[[ Dataset section open ]]

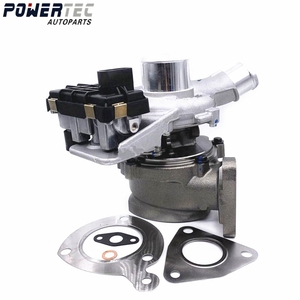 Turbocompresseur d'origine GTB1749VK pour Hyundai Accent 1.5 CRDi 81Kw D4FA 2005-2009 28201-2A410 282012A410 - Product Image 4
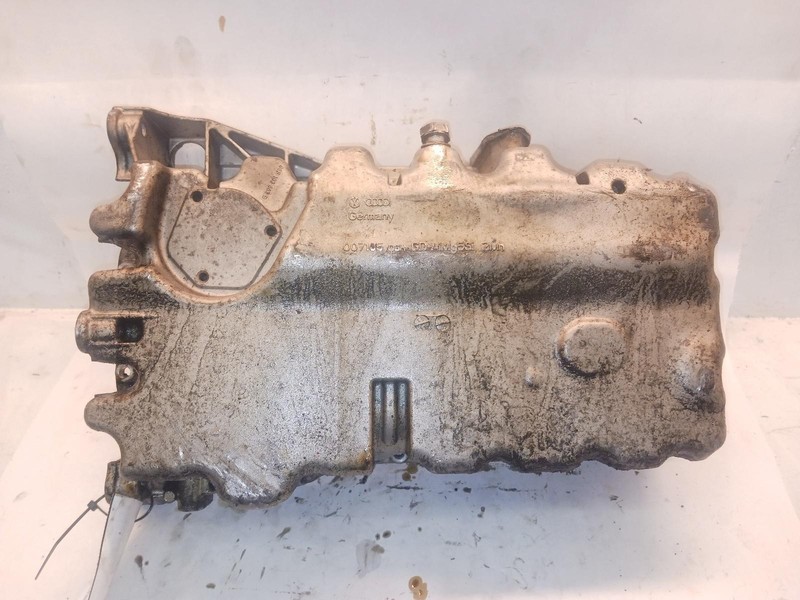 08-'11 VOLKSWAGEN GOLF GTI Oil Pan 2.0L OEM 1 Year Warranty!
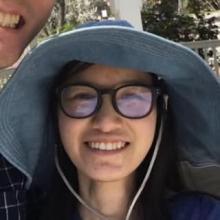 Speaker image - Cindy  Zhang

[[ Dataset section closed ]]

Problem description :: Everything from the line containing "08-'11 VOLKSWAGEN GOLF" to the final line of the listing above, both ends included, should be transcribed word for word, except for the pictures.

Reply ::
 08-'11 VOLKSWAGEN GOLF GTI Oil Pan 2.0L OEM 1 Year Warranty!
 Speaker image - Cindy  Zhang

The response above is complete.